Algumas cenas jamais saem da nossa cabeça. Às vezes são coisas bobas, às vezes são diálogos que nem sei até que ponto aconteceram realmente como a gente remonta na cabeça. Como certa consulta odontológica que tive na adolescência. Usei aparelho nos dentes por longos 9 anos (dos 9 aos 18, fruto do vício de chupar dedo). Minha dentista era uma pessoa muito querida, amiga da família. Mamãe me acompanhava nas consultas e elas sempre duravam mais de uma hora porque as duas ficavam conversando. Por vezes o assunto era meu curso universitário e sobre como eu deveria fazer um concurso público. Outras vezes eram apenas coisas da vida.

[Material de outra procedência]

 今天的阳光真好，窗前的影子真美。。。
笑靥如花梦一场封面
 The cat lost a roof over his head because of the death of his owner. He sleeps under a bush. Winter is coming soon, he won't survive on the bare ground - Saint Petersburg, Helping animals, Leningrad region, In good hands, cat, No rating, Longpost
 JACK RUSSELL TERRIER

Pois bem, naquele dia o assunto era beleza e magreza. Eu, como uma pessoa gorda e em constante dieta, sempre estava no meio dessas discussões, mesmo que involuntariamente. Mas desconfio de que as mulheres de maneira geral são infernizadas em qualquer roda de conversa com o assunto que, diga-se de passagem, ninguém tem nada-a-ver-com-isso: nosso corpo. Minha tia (chamo ela assim ainda hoje, embora seja amiga, não família) falava que estava gorda e não conseguia emagrecer. Assumia estar feia (eu não achava, o marido dela não achava, mas o mundo sim). Aí veio a parte que nunca esqueci e tomei como lição pra mim. Uma pessoa da adolescência dela a havia visto no atual corpo e indelicadamente comentou: "nossa, como você mudou. Você era tão linda!". No que ela prontamente respondeu: "Me achava linda? E porque nunca disse?". Porque nunca disse? Nunca disse.

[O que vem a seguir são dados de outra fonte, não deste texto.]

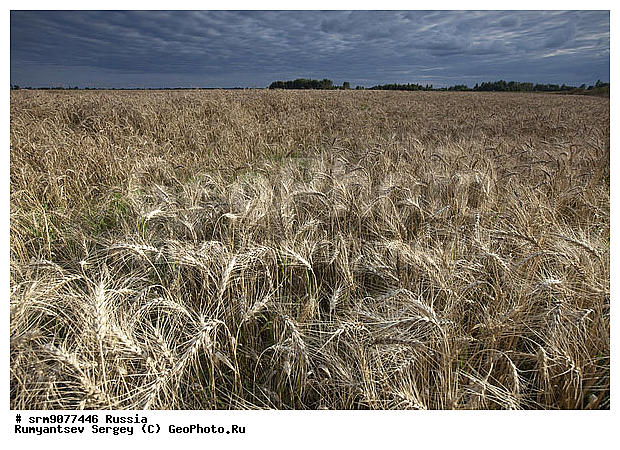 ��������� ������, ������, ����, ����, ����, ������� ����, ����������, ������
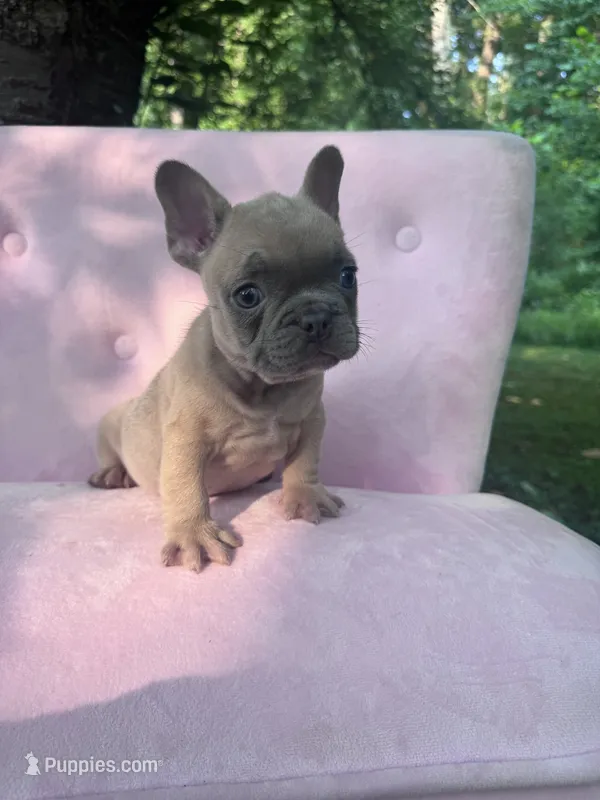 Burberry  – French Bulldog puppy for sale in Lenoir, NC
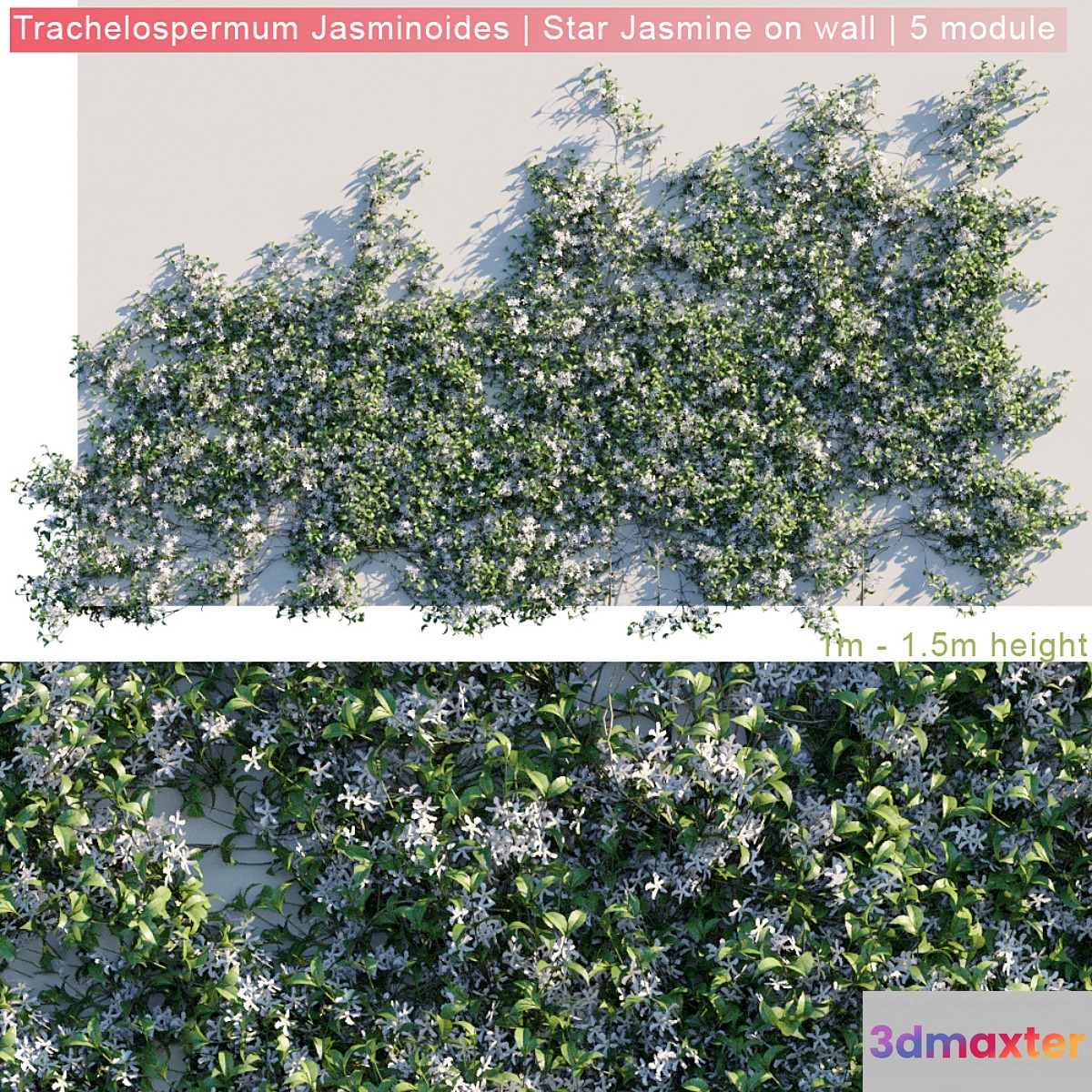 Trachelospermum Jasminoides | Star Jasmine on wall 3D Max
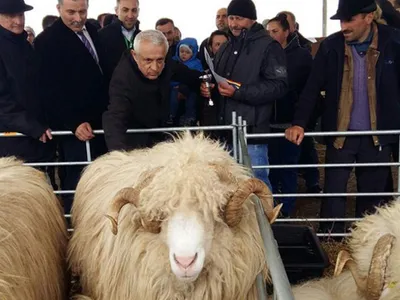 Ministrul Agriculturii Petre Daea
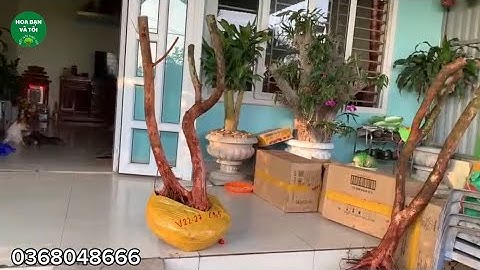Hoa sim rừng dáng hai thân mời các bác xem tham khảo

Eu nem acho que essa pessoa grosseira e indelicada tenha algo para ensinar. Não mesmo. E também não acho que a tia tenha feito certo. Se fosse eu teria soltado um: quié que cê tem a ver com isso, meu bem? (Até porque quem fala que alguém é feio não costuma se olhar no espelho). Mas o fato é: porque a gente não diz? Por que razão a gente sempre deixa subentendido-como-uma-ideia-que-existe-na-cabeça? Não, não farei mais assim. Sempre que nego falar o que penso, lembro da tia. "Mas porque não disse que eu era bonita antes?". O problema é que as pessoas não estão assim preparadas para ouvir. Ouvir elogios simples, sinceros. Ouvir que são amadas. Ouvir que são queridas. É por isso que eu digo. Eu escrevo. Deixo meus olhos dizerem tudo. E às vezes minha boca. Mesmo correndo o risco de ser mal interpretada. Mesmo quando me deixam sem graça, fazendo de conta que isso não é importante de ouvir. Ouçam, ouçam sempre. É melhor saber que se é amado, do que achar que se é.